Data reveals pharmacy pay gap


pounds sterling

Male pharmacists in the UK are out-earning women in the profession by 6.4%, new data has shown

The Pharmaceutical Journal conducted a salary and job satisfaction survey between July and September 2018, and found a “statistically significant” median pay gap.

This is smaller than the UK’s national median gender pay gap, which has dropped to 8.6% for full-time workers, write Emma Wilkinson and Angela Kam.

Male pharmacists earned a median of £51,376 (AUD$90,608) while female pharmacists earned £48,048 (AUD$84,738), the results showed.

British organisations employing more than 250 people are now required to publish their gender pay gap figures.

Recently Lloyds Pharmacy reported a gender pay gap of 6%, which included all professional and managerial roles, while Boots’ gap was 5%, the Pharmaceutical Journal reports.

Other pharmacy organisations have also reported gaps voluntarily, with the General Pharmaceutical Council, the UK’s independent pharmacy regulator, reporting a gap of 16.5%.

The article reports that part of the gap is due to women being less concentrated in senior or well-paid positions, and that women are “taking time out for family or caring commitments”.
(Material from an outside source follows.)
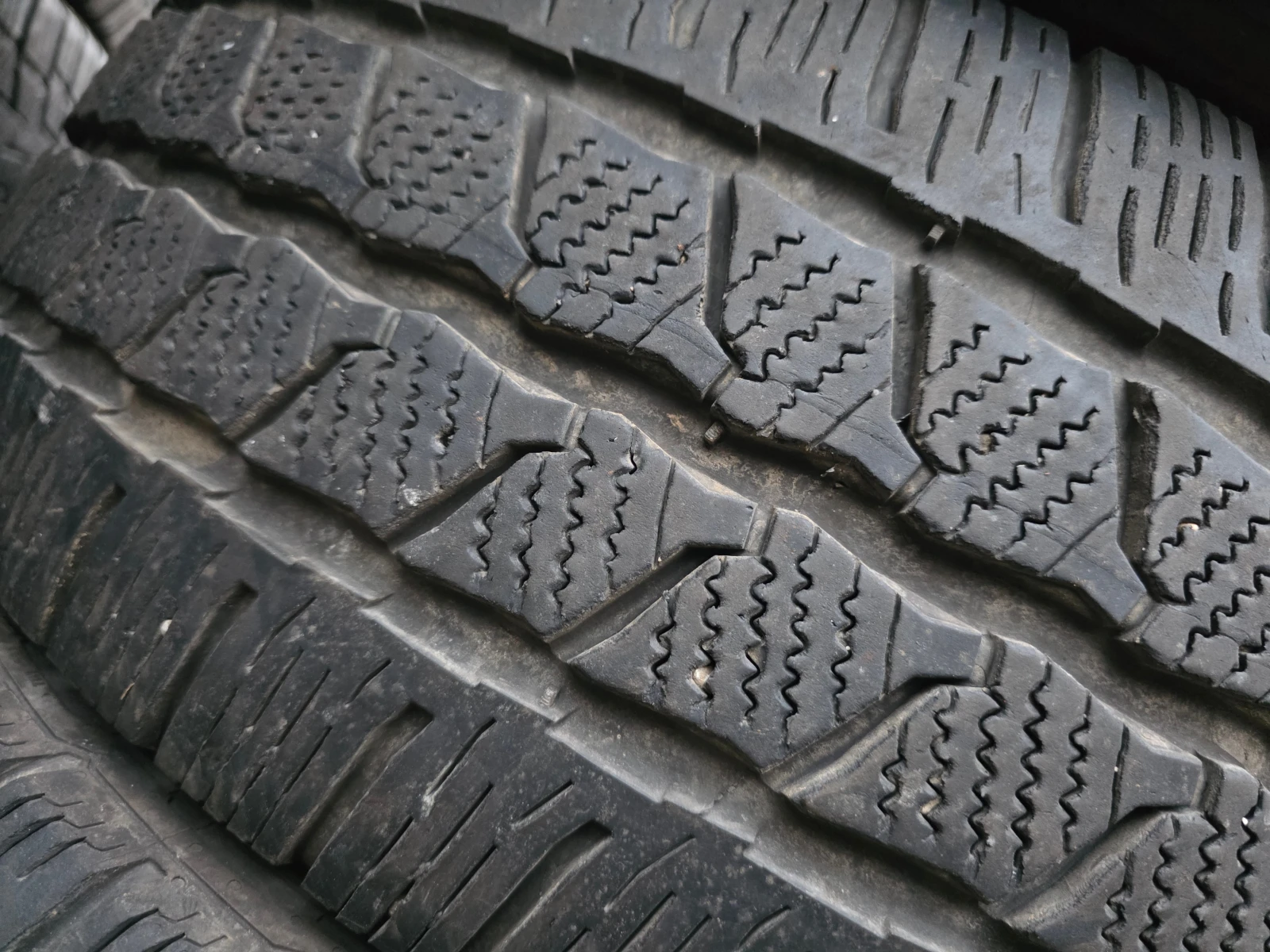 ���� 235/65R16 | Mobile.bg � ����������� 1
Academic pharmacist and executive committee member of the National Association of Women Pharmacists Christine Heading told the Journal that pharmacy was “burying its head in the sand” about the gender pay gap.

“This manifests in failure to collect data on career progression, salaries, obstacles, challenges, attitudes and performance on a gender basis,” she said.
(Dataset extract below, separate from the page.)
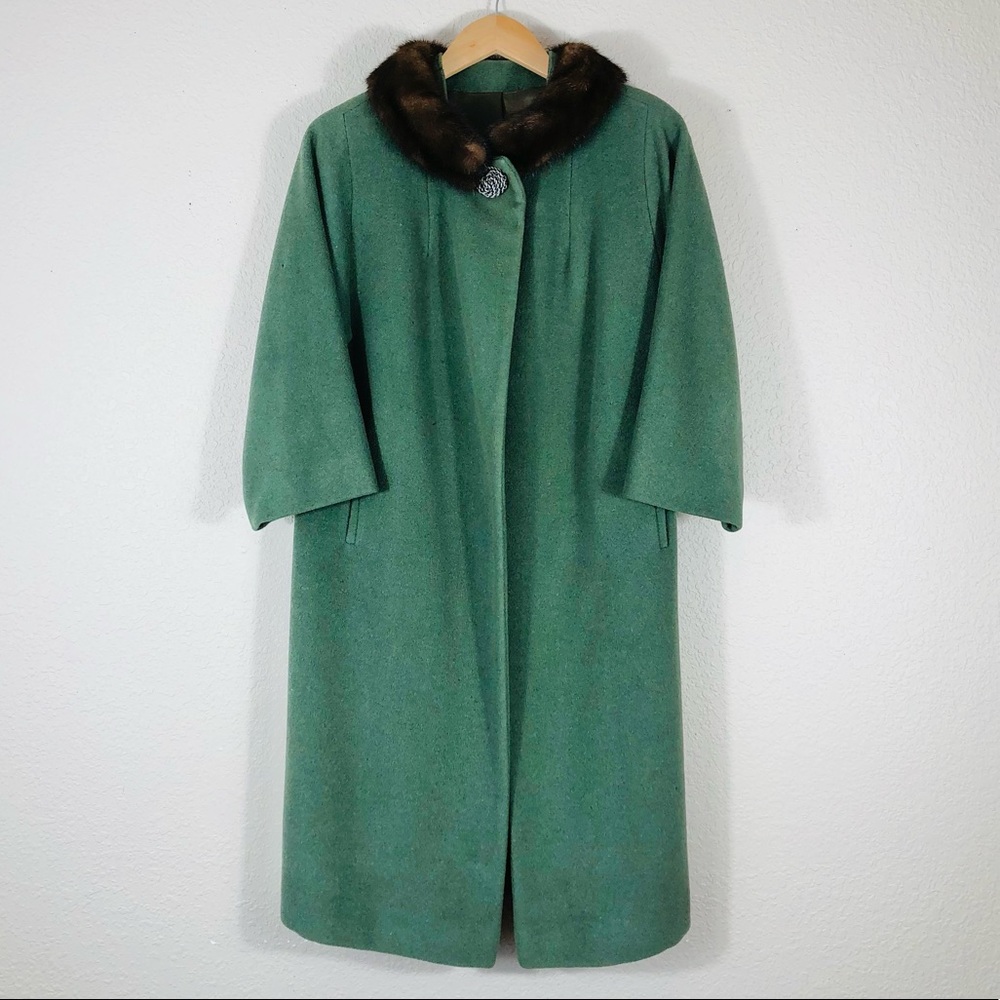 Vintage Fur Collar Car Coat Loomed in California - Picture 16 of 16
English Pharmacy Board chair Sandra Gidley said she would be keen to examine factors contributing to the gap, including the concentration of men in more senior positions, as well as the degree of variation between pharmacists working at the same grade.
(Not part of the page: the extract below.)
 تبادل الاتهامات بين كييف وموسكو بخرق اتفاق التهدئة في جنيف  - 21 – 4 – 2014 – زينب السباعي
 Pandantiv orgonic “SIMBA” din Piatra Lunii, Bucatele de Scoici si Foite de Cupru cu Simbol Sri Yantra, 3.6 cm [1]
“The pharmacy profession is no different to any other profession in as much as the gender balance at the ‘top’ of the profession does not reflect the gender balance at entry level,” she said.

In Australia, recent data has also shown a gender pay gap. 2017 data from the ATO’s 2014-15 taxation statistics showed that average income for female retail pharmacists is $61,279, with men earning an average of $83,792.

Meanwhile among hospital pharmacists, women earned $66,784 compared to men’s $77,807.

And the 2018 Graduate Outcomes Survey, released earlier this month, showed that female pharmacy graduates were earning a little more than males upon graduation… but three years later, there was a gap of $10,300, with men outearning women in full-time work.